PROMPT » Output only the lines below that start at the line containing "Clover & Mushroom Silicone Mold" and end at the line containing "Bubblegum Pink desert", with both ends kept.
Segment Start: ENTRIES SUPPLIED
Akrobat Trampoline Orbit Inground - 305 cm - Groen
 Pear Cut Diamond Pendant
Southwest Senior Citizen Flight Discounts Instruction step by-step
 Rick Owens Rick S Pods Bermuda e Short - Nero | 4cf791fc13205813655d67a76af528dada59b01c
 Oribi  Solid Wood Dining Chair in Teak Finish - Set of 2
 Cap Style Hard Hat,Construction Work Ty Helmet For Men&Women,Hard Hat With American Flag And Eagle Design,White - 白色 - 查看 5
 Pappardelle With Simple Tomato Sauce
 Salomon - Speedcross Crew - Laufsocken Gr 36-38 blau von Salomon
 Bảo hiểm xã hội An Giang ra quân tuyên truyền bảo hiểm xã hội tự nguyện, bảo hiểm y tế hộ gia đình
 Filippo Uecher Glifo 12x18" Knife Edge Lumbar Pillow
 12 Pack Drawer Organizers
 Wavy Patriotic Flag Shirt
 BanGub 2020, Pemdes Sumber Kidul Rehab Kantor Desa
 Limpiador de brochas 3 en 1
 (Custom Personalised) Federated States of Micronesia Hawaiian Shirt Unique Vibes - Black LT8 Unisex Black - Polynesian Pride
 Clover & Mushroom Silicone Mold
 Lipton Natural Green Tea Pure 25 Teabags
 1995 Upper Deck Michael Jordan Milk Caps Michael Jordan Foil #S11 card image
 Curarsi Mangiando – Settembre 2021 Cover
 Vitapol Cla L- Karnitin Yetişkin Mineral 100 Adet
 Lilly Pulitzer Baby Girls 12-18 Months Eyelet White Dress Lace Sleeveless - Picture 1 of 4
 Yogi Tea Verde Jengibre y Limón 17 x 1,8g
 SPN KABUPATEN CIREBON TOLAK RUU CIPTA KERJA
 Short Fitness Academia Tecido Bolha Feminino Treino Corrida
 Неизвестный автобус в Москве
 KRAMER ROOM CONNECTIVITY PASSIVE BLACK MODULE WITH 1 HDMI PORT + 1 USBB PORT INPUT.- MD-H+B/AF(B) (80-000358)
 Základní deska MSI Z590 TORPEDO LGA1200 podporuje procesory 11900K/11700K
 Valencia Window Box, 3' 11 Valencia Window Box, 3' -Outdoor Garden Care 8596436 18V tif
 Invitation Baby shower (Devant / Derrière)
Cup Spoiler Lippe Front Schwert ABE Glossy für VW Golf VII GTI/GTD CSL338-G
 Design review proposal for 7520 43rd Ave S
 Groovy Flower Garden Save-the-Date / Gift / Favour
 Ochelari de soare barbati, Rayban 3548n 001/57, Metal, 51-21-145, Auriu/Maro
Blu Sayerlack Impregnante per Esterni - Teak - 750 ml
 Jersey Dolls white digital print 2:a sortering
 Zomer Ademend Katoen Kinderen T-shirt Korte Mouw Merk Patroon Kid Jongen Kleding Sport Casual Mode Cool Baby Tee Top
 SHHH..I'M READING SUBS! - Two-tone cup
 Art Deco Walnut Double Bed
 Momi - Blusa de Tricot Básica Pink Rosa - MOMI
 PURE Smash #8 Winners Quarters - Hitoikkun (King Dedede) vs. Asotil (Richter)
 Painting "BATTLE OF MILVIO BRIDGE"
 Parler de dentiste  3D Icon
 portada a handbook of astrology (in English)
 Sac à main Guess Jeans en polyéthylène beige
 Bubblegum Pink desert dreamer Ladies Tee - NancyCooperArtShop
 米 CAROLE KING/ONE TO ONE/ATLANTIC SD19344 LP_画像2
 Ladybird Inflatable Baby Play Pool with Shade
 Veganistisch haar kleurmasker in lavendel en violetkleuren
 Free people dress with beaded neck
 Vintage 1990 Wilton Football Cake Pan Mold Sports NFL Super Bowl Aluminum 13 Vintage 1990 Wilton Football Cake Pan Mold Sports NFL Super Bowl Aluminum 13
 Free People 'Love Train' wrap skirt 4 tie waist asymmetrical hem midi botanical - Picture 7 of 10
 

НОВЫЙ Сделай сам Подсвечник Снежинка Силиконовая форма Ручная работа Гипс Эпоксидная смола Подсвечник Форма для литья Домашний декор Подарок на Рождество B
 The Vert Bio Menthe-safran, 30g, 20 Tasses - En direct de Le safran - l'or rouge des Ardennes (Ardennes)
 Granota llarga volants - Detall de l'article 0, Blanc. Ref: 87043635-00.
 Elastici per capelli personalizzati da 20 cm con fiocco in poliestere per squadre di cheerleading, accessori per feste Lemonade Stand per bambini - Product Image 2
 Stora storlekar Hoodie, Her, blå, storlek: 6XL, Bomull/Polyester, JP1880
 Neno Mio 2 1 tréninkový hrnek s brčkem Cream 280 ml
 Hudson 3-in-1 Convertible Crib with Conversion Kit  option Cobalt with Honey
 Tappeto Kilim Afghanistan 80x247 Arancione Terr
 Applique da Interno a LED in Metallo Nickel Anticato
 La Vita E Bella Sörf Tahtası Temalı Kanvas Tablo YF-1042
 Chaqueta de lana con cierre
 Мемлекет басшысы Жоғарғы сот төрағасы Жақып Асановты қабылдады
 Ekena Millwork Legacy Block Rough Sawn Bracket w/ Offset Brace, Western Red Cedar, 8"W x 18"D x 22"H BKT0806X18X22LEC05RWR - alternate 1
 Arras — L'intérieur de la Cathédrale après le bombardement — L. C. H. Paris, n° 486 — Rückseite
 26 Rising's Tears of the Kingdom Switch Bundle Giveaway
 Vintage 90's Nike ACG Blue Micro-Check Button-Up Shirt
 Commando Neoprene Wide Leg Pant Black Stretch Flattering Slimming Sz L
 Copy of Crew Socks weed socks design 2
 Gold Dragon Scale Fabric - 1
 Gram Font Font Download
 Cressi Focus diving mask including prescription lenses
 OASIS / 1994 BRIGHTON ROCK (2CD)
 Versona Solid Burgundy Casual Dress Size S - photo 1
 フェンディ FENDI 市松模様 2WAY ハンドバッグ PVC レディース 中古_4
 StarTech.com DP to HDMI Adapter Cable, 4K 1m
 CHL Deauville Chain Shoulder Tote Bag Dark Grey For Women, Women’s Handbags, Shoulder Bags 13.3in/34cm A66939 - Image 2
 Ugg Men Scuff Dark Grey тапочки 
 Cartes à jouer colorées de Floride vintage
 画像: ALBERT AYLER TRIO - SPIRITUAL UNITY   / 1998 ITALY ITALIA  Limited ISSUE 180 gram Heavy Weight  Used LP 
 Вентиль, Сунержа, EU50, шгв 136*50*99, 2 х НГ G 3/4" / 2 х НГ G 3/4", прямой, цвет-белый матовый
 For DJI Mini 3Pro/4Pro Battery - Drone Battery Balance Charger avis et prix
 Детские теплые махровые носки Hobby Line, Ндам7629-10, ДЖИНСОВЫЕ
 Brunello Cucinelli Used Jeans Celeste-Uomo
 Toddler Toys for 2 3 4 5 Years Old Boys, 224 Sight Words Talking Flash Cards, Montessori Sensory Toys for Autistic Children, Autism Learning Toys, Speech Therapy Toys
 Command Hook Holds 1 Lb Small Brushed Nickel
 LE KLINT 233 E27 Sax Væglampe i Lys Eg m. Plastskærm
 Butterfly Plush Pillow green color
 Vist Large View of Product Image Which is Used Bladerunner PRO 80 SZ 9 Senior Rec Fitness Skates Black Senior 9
Segment End: ENTRIES SUPPLIED
YOUR RESPONSE »
 Clover & Mushroom Silicone Mold
 Lipton Natural Green Tea Pure 25 Teabags
 1995 Upper Deck Michael Jordan Milk Caps Michael Jordan Foil #S11 card image
 Curarsi Mangiando – Settembre 2021 Cover
 Vitapol Cla L- Karnitin Yetişkin Mineral 100 Adet
 Lilly Pulitzer Baby Girls 12-18 Months Eyelet White Dress Lace Sleeveless - Picture 1 of 4
 Yogi Tea Verde Jengibre y Limón 17 x 1,8g
 SPN KABUPATEN CIREBON TOLAK RUU CIPTA KERJA
 Short Fitness Academia Tecido Bolha Feminino Treino Corrida
 Неизвестный автобус в Москве
 KRAMER ROOM CONNECTIVITY PASSIVE BLACK MODULE WITH 1 HDMI PORT + 1 USBB PORT INPUT.- MD-H+B/AF(B) (80-000358)
 Základní deska MSI Z590 TORPEDO LGA1200 podporuje procesory 11900K/11700K
 Valencia Window Box, 3' 11 Valencia Window Box, 3' -Outdoor Garden Care 8596436 18V tif
 Invitation Baby shower (Devant / Derrière)
Cup Spoiler Lippe Front Schwert ABE Glossy für VW Golf VII GTI/GTD CSL338-G
 Design review proposal for 7520 43rd Ave S
 Groovy Flower Garden Save-the-Date / Gift / Favour
 Ochelari de soare barbati, Rayban 3548n 001/57, Metal, 51-21-145, Auriu/Maro
Blu Sayerlack Impregnante per Esterni - Teak - 750 ml
 Jersey Dolls white digital print 2:a sortering
 Zomer Ademend Katoen Kinderen T-shirt Korte Mouw Merk Patroon Kid Jongen Kleding Sport Casual Mode Cool Baby Tee Top
 SHHH..I'M READING SUBS! - Two-tone cup
 Art Deco Walnut Double Bed
 Momi - Blusa de Tricot Básica Pink Rosa - MOMI
 PURE Smash #8 Winners Quarters - Hitoikkun (King Dedede) vs. Asotil (Richter)
 Painting "BATTLE OF MILVIO BRIDGE"
 Parler de dentiste  3D Icon
 portada a handbook of astrology (in English)
 Sac à main Guess Jeans en polyéthylène beige
 Bubblegum Pink desert dreamer Ladies Tee - NancyCooperArtShop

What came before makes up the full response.